AI/ML Evaluation and Alignment Engineer
hackajobAs an AI/ML Evaluation and Alignment Engineer at hackajob, you'll play a pivotal role in shaping the evaluation frameworks for cutting-edge AI technologies in public safety and intelligence sectors. You'll collaborate with a diverse team of AI engineers and data scientists while promoting responsible AI practices and having a significant impact on ethical AI deployment.
Skills & Expertise
Key Responsibilities
Build and maintain evaluation frameworks for LLMs and generative AI systems.
Design guardrails to minimize bias and other ethical risks in workflows.
Implement continuous evaluation pipelines for AI models integrated into production systems.
Full Description
hackajob is collaborating with Leo Technologies to connect them with exceptional professionals for this role.
Core Responsibilities
* Build and maintain evaluation frameworks for LLMs and generative AI systems tailored to public safety and intelligence use cases.
* Design guardrails and alignment strategies to minimize bias, toxicity, hallucinations, and other ethical risks in production workflows.
* Partner with AI engineers and data scientists to define online and offline evaluation metrics (e.g., model drifts, data drifts, factual accuracy, consistency, safety, interpretability).
* Implement continuous evaluation pipelines for AI models, integrated into CI/CD and production monitoring systems.

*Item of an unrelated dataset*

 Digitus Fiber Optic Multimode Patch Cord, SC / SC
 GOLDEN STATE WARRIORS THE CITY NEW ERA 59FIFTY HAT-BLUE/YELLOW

* Collaborate with stakeholders to stress test models against edge cases, adversarial prompts, and sensitive data scenarios.
* Research and integrate third-party evaluation frameworks and solutions; adapt them to our regulated, high-stakes environment.
* Work with product and customer-facing teams to ensure explainability, transparency, and auditability of AI outputs.
* Provide technical leadership in responsible AI practices, influencing standards across the organization.
* Contribute to DevOps/MLOps workflows for deployment, monitoring, and scaling of AI evaluation and guardrail systems (experience with Kubernetes is a plus).
* Document best practices and findings, and share knowledge across teams to foster a culture of responsible AI innovation.
What We Value
* Bachelor's or Master's in Computer Science, Artificial Intelligence, Data Science, or related field.
* 3-5+ years of hands-on experience in ML/AI engineering, with at least 2 years working directly on LLM evaluation, QA, or safety.
* Strong familiarity with evaluation techniques for generative AI: human-in-the-loop evaluation, automated metrics, adversarial testing, red-teaming.
* Experience with bias detection, fairness approaches, and responsible AI design.
* Knowledge of LLM observability, monitoring, and guardrail frameworks e.g Langfuse, Langsmith
* Proficiency with Python and modern AI/ML/LLM/Agentic AI libraries (LangGraph, Strands Agents, Pydantic AI, LangChain, HuggingFace, PyTorch, LlamaIndex).
* Experience integrating evaluations into DevOps/MLOps pipelines, preferably with Kubernetes, Terraform, ArgoCD, or GitHub Actions.
* Understanding of cloud AI platforms (AWS, Azure) and deployment best practices.
* Strong problem-solving skills, with the ability to design practical evaluation systems for real-world, high-stakes scenarios.
* Excellent communication skills to translate technical risks and evaluation results into insights for both technical and non-technical stakeholders.